Shares of the Philippines’ largest budget carrier gained by a record 50% at the open Wednesday to partially recover losses triggered by a local broker’s trading error the day before.
Cebu Air Inc. climbed to 87 pesos, rebounding from a record slump on Tuesday. The company’s shares plummeted 38% to 58 pesos in the last few minutes of trading yesterday, triggered by a misplaced order during the Philippine Stock Exchange’s no-cancel period.
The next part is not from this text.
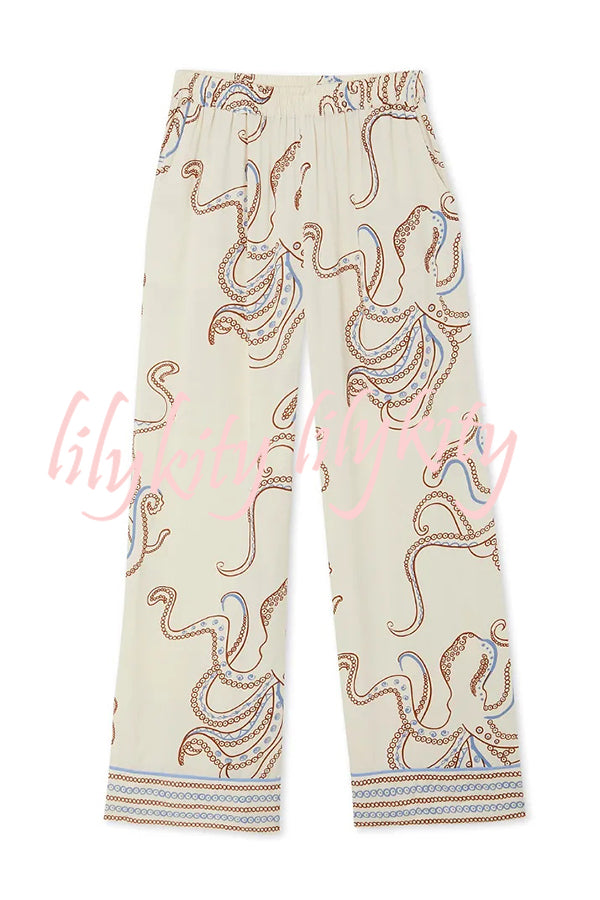 Calm Seas Line Octopus Unique Print Loose Shirt and Elastic Waist Pocketed Pajama Set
The stock had closed at 93.4 pesos on Monday.
“It was a trader error,” a representative at Quality Investment & Securities Corp., which executed the trade, said by phone. “Our brokerage wasn’t meaning to sell Cebu Air shares.”
Cebu Air CEO Lance Gokongwei said Tuesday in a text message that the share price drop was likely a fat-finger trade and the price would recover Wednesday. A spokesperson for the Philippine Stock Exchange declined to comment.
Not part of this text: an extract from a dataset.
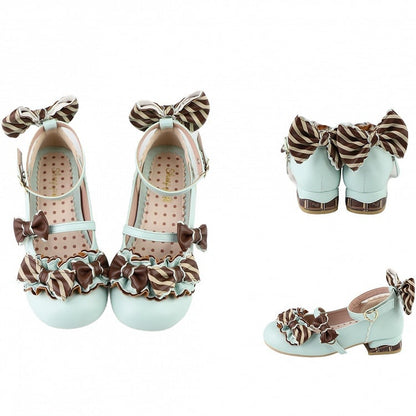 Green&Brown Striped Pattern Bowknot Details Heart Buckle Lolita Shoes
According to Regina Capital Development Corp. analyst Rens Cruz, the fat-finger error opened up an opportunity for some investors to reenter the market at a reduced price. “There is also a lot of incentive to bring prices back up in the next few days” since the trading error trapped other shareholders in the 90-peso range, he said.
Cebu Air, which last month ordered 31 Airbus SE aircraft worth $6.8 billion to meet its goal to have an all-new fleet in five years, will likely nearly double its profit this year, according to analyst estimates compiled by Bloomberg.